> _WORK INSTRUCTIONS_
Print exactly what appears from the line containing "清潭es整形外科眼整形怎么样?分层剥离技术加持,自然无痕体验好-非常爱美网, image size:1080x1080" through the final line of the data below, pictures excluded.

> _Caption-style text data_

Segment Open

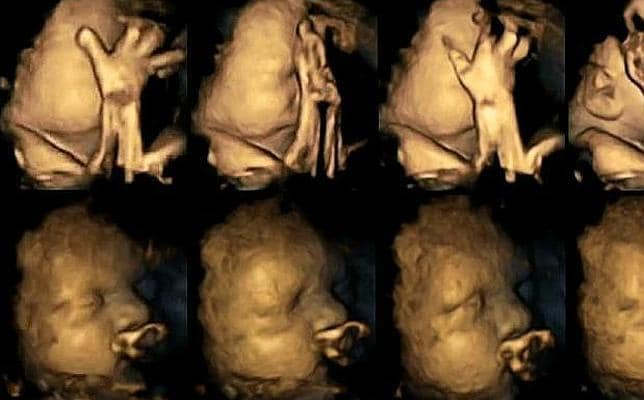 Increíbles imágenes de cómo afecta el tabaco a los bebés no nacidos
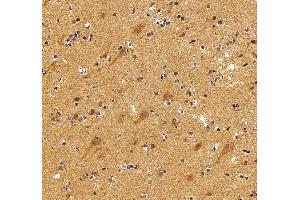 IHC analysis of NEDD4 using anti-NEDD4 antibody (ABIN7599536).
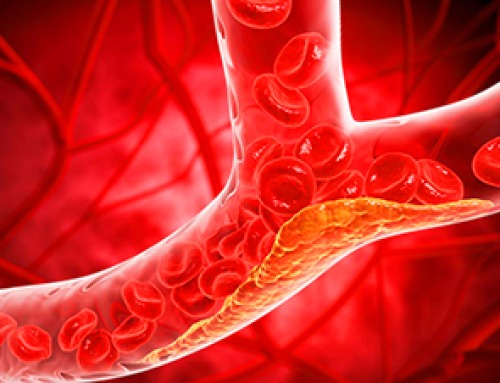 New Treatment Cuts “Bad” Cholesterol in Half for a Full Year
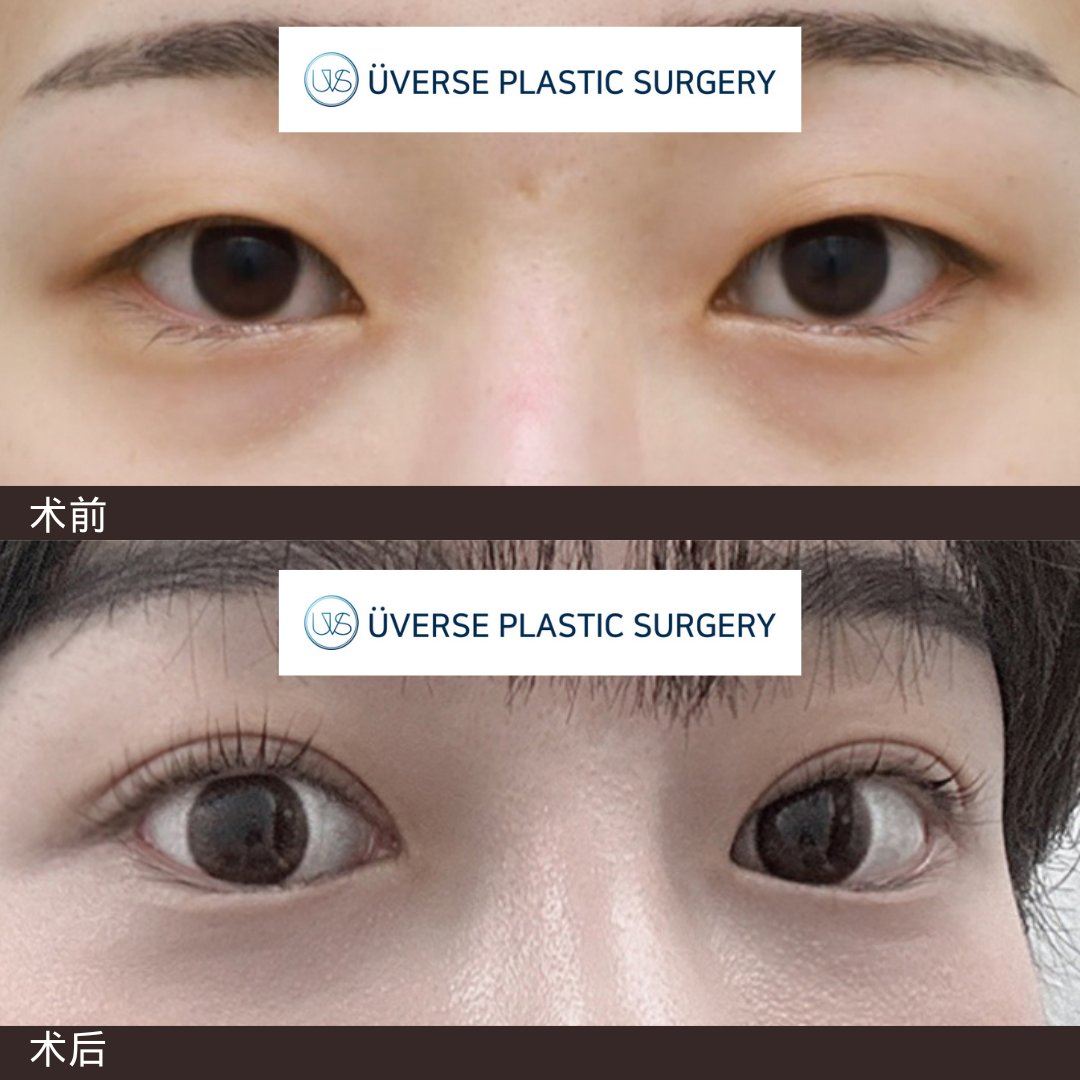 清潭es整形外科眼整形怎么样?分层剥离技术加持,自然无痕体验好-非常爱美网, image size:1080x1080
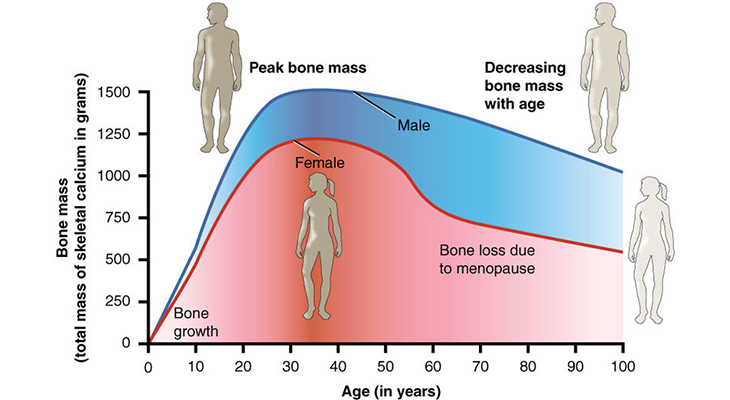 osteoporosis infographic, age and bone mass infographic, bone density, bone loss, stastics, prevlaence, fractures, broken bones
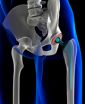 Kershaw, Cutter & Ratinoff Provides Answers for Patients Affected by DePuy Hip Replacement Recall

Segment Closed

> _ANSWER SECTION_
 清潭es整形外科眼整形怎么样?分层剥离技术加持,自然无痕体验好-非常爱美网, image size:1080x1080
 osteoporosis infographic, age and bone mass infographic, bone density, bone loss, stastics, prevlaence, fractures, broken bones
 Kershaw, Cutter & Ratinoff Provides Answers for Patients Affected by DePuy Hip Replacement Recall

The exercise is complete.